I've given up on trying to do this. It is an incredibly difficult task to manage mutation history alone and have things work. I've resolved to never support old objects (even though it sometimes works.) and always store as binary. If someone needs to edit the file I create an editor program which is released alongside the actual test software, and use windows to dispatch it on a special file extension.

Probably not what you want to hear, but I've had waay too many headaches from people manipulating .ini, xml, or any other type of human readable file.

~Jon

mje · November 13, 2011

I've grown an aversion to XML for serialization due to the size of the documents I'm creating. Also, let's face it: to the non programmer, XML is NOT readable.

However, I think the only way of really doing this is to have each class implement a common interface for serialization, whether it's XML, binary, or something in between. In the end, it means nothing you serialize will directly inherited from LABVIEW Object, but whatever your core serialization superclass is. Then each class implements their own ToXML, or whatever. Messy and cumbersome. If you support reading multiple versions, somewhere is a case structure monolith in each class too.

For the record, my methods usually involves dumping serial data into an anonymous cluster and writing it to disk (or whatever). Depending on the implementation the cluster might be proceeded by a version and class id of some type. Usually I do binary, but I do use XML from time to time if the data is small, say less than 50 MB.

crelf · November 14, 2011

The question becomes defining what "readable" means. In these cases, I tend to think that the software can read it, so that's one level or readability, and I can read it to a certain level, so that's another level of readability. Does your average user need to dive into the xml? Hopefully not - your software should be what's taking care of the data (who knows what a user can do to it), and if you do need the user to modify the data in an xml file, then provide a file editor that protects the stuff they shouldn't play with, and only exposes encapsulated access to the things they should.

I know it doesn't answer your question, but I think your question might lead to others in the application of your architecture.

Daklu · November 14, 2011

Good answers from everyone. Thanks.

The question becomes defining what "readable" means.

Primarily I meant readable by me and readable enough for an advanced user to be able to make a change if I gave them instructions on what to change and where to change it.

One of the things stored in the config file is a list of available microscope zoom levels populating a certain ring control. The customer wanted to be able to easily add new zoom levels to the list. Creating a user interface and doing that via software is the better solution, but time is short so I was thinking directly editing the xml config file would be an easy work around. That's when I ran smack into the readability issue of flatteninig an xml string to xml.

Based on the feedback and time constraints, I think I'll stick with binary config files and push that feature off to version 2.

Daklu · November 14, 2011

Hmm... odd question I had while converting all my xml outputs to binary strings. Flatten to String has error input and outputs, but the help file doesn't indicate if function generates any errors on its own or if it just passes through the errors it receives. I don't think it produces its own errors, but I'm not sure. Anyone else know?

Darin · November 14, 2011

I don't think it produces its own errors, but I'm not sure. Anyone else know?
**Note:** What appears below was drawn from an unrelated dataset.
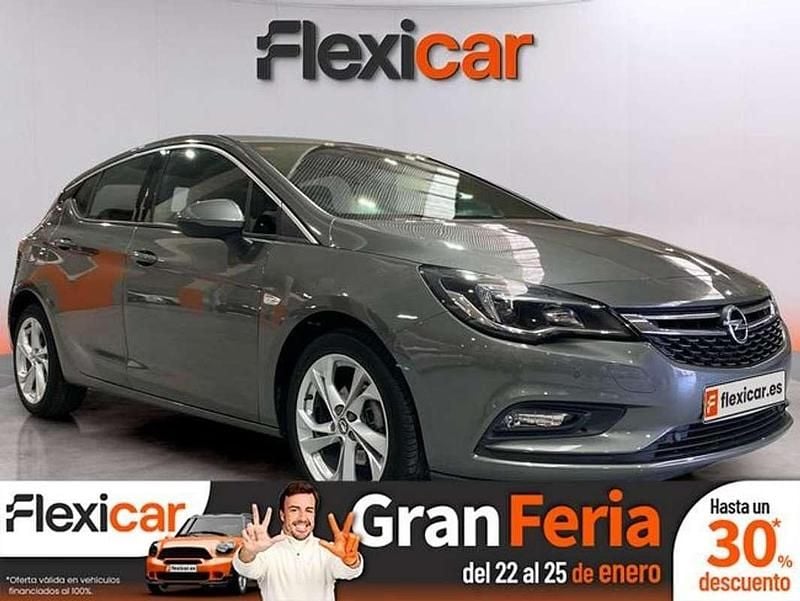 Gris Usado 2016 Opel Astra Dynamic Utilitario | 9490 € (Precio justo) - Imagen 1/4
If you use 7.x mode and wire something which can not be represented by the Type String then supposedly you can get an error. Don't ask me what that something is, I don't know.

Aristos Queue · November 15, 2011

Flatten to String can return Out Of Memory.

PaulL · November 15, 2011

OK, I will ask again what I think is an obvious question here: Why doesn't NI include a native feature to serialize LabVIEW objects in an exchangeable way? (Alternatively, why doesn't NI provide enough access to allow a third party to develop such a framework?)

For me, "exchangeable" definitely means in a manner that allows the data to shared between platforms. (Hence having "default data" without specifying the values of the default data is not allowed.) Moreover, using a more common format (such as "Simple XML" is appropriate.)

Of course, including the object version number is only meaningful within LabVIEW, but this is useful within LabVIEW thanks to the LabVIEW objects capability to translate between versions. (Note: I recognize the versioning can't avoid all possible issues, but in practice I think that is rarely a practical issue.)

I understand that for security reasons a developer may want to turn off the ability to serialize an object. To support that, I envision a checkbox to allow serialization (default = True) in the class properties dialog.

I think XML is the best option for this for several reasons:

1) It is a common way to serialize objects in different environments. This means that I can exchange serialized data with Java applications, for example.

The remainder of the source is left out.